Her voice drops a decibel then, and is almost conspiratorial in its whispered confidence, “And I’m one of them.”
Chris feels her cheeks dimple upwards in a smile as her head rests against his, and for all his flagging spirit a smile of his own breaks onto his face.
They sit for a while, enjoying the quiet, before Rebecca reluctantly disentangles from Chris’ embrace- which had instinctively drawn her further into his arms in one of his infamous
“big brother hugs” as Claire calls them.
She looks at him apologetically before speaking, “I have a few rounds I have to make and some more patients to attend to, but I promise, Chris. I’ll be here if you need anything.”
He is still ragged, exhaustion lending a leaden weight to his limbs. He’s lost more blood than he can accurately recall and the skin across his torso would be mottled in shades of grey and yellow and purple for the foreseeable future.
The loss of his squad- the loss of Piers- is still a bleeding wound, raw and aching, exposed to the air. But Rebecca’s presence lessens the pain threatening to drown him, buoys him amongst the waves of the South China Sea threatening to dash him to pieces.

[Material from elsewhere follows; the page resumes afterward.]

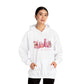 femaie model wearing hope + joy collective white hoodie sweatshirt with "Tis the Season" in cursive font below a graphic image of seasonal coffee and cocoa drinks accented in pink with a pink Christmas tree topped with pink bow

“Rebecca?” He asks her as she opens the door and she turns on her heel to look at Chris one last time.
“Thanks.”
She pauses briefly as though pondering her next course of action before turning all the way to face him. She brings her right hand to her temple, straight and flat, and snaps into a salute .
“Yes, sir!”
And with a playful smile, she brings her hand down and gives him a thumbs up.